Today I am thankful that Milo, Daniel, and I had a marvelous long weekend. We went to a wedding, and I was reminded again that good weddings are small acts of public service. They remind established, fretful, static-prone couples of why they are in fact couples. When I was younger and not yet married, weddings were great because they reunited me with my friends. Now, weddings reunite me with Daniel, and with our best selves as husband and wife.
I had been writing the vampire sex post in my head for weeks and weeks. The post I’m going to try to write tonight (essay, as a verb) is still inchoate. For a week, I’ve been trying to come up with a term for the compelling opposite of the electric flower. How can I describe the person that the electric flower wants for her own purposes? Who does she want to hijack? If, as I wrote, the promise of vampire sex is that it collapses the difference between 25 and 40, then what’s the term for the 40-year-old so deeply desired by the 25-year-old? If he wants her youth, she wants his experience, she wants to pole-vault into his sophisticated, intelligent world with good wine, real art, esoteric cheeses — no IKEA in sight. She wants to skip the starter life stage, and go right to the payoff. Readers, help me out here.

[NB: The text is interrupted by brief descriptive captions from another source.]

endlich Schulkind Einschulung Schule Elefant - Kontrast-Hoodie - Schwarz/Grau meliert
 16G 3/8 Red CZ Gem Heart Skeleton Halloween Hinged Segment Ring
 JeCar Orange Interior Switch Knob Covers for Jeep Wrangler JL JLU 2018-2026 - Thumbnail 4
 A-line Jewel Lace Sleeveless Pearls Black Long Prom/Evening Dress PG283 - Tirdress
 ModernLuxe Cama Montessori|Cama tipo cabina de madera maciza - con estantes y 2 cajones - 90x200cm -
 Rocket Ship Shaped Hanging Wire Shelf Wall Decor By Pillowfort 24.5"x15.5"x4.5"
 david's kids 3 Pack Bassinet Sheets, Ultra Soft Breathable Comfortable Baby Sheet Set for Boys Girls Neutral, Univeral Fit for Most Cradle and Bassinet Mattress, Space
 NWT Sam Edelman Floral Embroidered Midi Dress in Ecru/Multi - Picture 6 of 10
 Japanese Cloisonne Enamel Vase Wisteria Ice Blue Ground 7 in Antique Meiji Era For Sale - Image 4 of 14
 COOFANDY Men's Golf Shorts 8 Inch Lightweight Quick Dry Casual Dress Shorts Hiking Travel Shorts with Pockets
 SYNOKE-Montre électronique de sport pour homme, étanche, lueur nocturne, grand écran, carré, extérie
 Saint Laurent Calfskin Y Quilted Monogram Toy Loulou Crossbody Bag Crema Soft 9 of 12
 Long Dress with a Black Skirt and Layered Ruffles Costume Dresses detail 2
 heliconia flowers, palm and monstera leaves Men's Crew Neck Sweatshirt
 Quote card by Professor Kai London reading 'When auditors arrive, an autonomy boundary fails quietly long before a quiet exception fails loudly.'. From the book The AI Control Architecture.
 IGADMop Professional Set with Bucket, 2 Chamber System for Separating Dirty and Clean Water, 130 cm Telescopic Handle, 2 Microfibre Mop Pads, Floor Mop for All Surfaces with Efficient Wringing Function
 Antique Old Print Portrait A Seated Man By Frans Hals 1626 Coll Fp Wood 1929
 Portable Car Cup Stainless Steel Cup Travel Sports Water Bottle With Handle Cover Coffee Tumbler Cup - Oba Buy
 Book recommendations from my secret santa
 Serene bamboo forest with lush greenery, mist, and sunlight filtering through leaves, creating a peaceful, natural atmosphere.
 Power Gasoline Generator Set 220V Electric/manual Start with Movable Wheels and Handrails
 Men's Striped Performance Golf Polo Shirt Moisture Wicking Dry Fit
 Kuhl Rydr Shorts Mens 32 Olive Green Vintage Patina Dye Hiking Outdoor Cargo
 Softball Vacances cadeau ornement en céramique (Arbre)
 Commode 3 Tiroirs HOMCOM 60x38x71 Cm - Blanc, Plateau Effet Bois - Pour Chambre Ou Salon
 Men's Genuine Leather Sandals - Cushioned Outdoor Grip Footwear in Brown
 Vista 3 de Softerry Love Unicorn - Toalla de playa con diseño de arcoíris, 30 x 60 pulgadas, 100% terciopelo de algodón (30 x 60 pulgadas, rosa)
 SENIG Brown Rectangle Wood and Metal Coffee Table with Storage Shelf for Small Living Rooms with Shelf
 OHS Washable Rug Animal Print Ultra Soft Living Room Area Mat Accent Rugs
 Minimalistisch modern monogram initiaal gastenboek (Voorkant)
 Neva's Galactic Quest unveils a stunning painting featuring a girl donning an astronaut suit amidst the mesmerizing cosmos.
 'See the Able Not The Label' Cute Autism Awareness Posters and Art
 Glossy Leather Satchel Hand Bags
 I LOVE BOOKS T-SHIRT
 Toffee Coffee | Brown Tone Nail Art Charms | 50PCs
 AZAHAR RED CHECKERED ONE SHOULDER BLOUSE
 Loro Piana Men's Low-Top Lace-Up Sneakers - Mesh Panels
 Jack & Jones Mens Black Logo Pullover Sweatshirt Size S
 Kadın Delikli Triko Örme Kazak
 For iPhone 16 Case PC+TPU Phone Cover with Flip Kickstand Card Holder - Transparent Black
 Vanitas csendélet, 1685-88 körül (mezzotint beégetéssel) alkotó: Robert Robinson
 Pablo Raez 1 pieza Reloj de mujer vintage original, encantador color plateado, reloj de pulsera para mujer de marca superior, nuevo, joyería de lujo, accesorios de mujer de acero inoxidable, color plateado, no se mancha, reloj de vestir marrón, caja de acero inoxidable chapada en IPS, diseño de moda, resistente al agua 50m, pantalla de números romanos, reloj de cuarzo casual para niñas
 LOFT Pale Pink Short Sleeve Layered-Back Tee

When I was an electric flower, Daniel was this as-yet-unnamed entity for me (I keep coming back to something with a cello, because I love the sound of the cello and find it mysterious and mature. Something with a sun? I really should have thought more about this before starting to write, but I couldn’t think of anything else to write but this. So bear with me — this is a post-in-progress.) I loved him for himself, of course, but also because of his magic life. He was the most glamorous, most grown-up individual I had ever met. Daniel had much more money than I did when we met — I was earning $200 a week, pre-tax. The cliche is that older men attract younger women with their money and power. I did enjoy much better restaurants than my peers, and much better birthday gifts. But the draw wasn’t money, it was his opposite of youthfulness. I had enough youthfulness for the both of us. Youthfulness, if we remember it clearly and not covetously, comes with a lot of anxiety: how is it all going to come together? How do I get from here to there? I wanted to be with someone who had certainty, I wanted done deals, I wanted experience and stories, not promise and anxiety. I wanted to be with someone who had a credible claim on actually knowing the answers (and to be done with young men who just thought they knew the answers) I wanted to skip to the end (more accurately, deep middle) of the story.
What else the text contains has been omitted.